# Coffee Table



## del schisler (Feb 2, 2006)

here is a coffee table i made for my friend It is made from Brazilian Cherry or JOBOTO i guess is the other name It is a hard wood It is 2.3 time harder or denser than oak May be off on the dens. It sure did work up nice I use M.L. CAMPBELL cabnet grade lacquer And it sure is heavy I made the legs from 4 pieces glued up and than fluted on each side He didn't want any turned leg's he was the boss thank's for looking del


----------



## AxlMyk (Jun 13, 2006)

That's a beautiful table Del.. Good job..


----------



## Dr.Zook (Sep 10, 2004)

Nice Del, as always.


----------



## lrr (Nov 27, 2006)

Very nice, Del.

What is it about the South American woods? I've made several things with purpleheart (also Brazilian), and the stuff is really dense.
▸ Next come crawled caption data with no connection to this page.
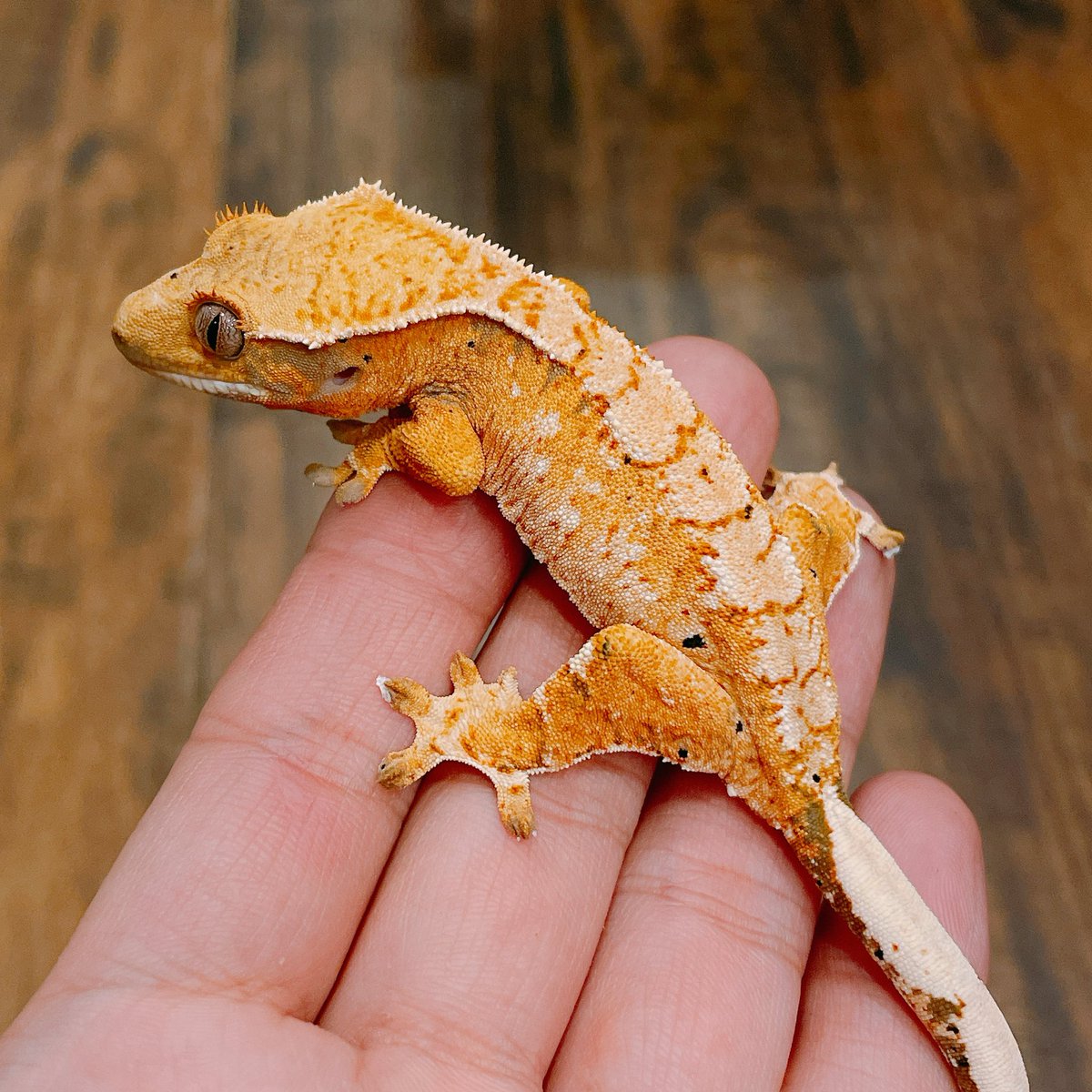 のびた tweet media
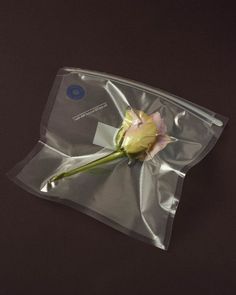 a single rose in a clear plastic bag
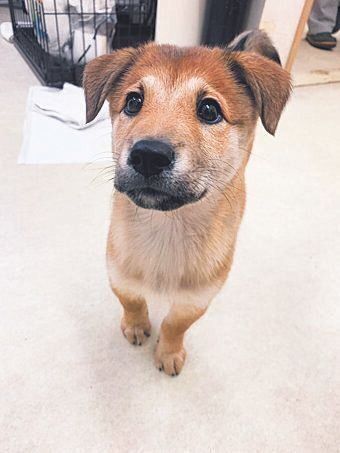 東京都のKさん家族に迎えられた聖ちゃんは現在２才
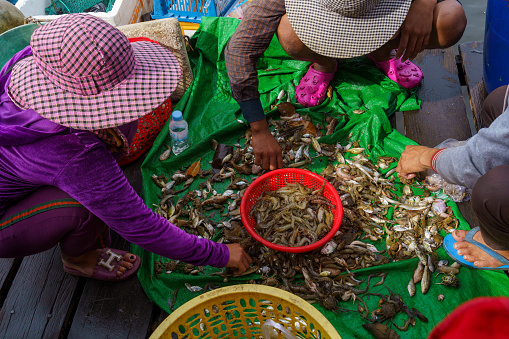 Kep. Cambodia. November, 20, 2019. Krong Kep Province. Crab market. Shrimp fishing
I made a small plant stand, and almost split a gut hauling it out of the shop!


----------



## Joe Lyddon (Sep 11, 2004)

Very NICE, Del!

I have some Jatoba too... real heavy stuff... did you have any trouble milling the wood? ... beads n all the fine cuts?

Aren't they pretty heavy?

Should last a life-time!

Thank you for sharing...


----------



## del schisler (Feb 2, 2006)

*coffee table*



Joe Lyddon said:


> Very NICE, Del!
> 
> I have some Jatoba too... real heavy stuff... did you have any trouble milling the wood? ... beads n all the fine cuts?
> 
> ...


I didn't have any trouble I have good router bits Amana Of course their are other good bits But at my friends place where i get my wood They have them in stock Make's it easy to buy Sometime's i get carried away I bet nobody else does ?? And my planer i have sharp blade's The wood came out very slick Looked like it was sanded all ready thank's for the nice reply's


----------



## challagan (Feb 7, 2006)

Nice! That is a beautiful coffee table. Looks like aged American cherry! 

Corey


----------



## Lee Brubaker (Jan 30, 2006)

Very nice Del. Hope whoever does the vacuuming appreciates that bottom shelf & avoids sideswiping it. A very handsome piece.

Lee


----------



## Rolf Maxa (Feb 8, 2005)

Very nice work, I never had the opportunity to work with wood from South America. Sounds interesting, I'll have to give it a try


----------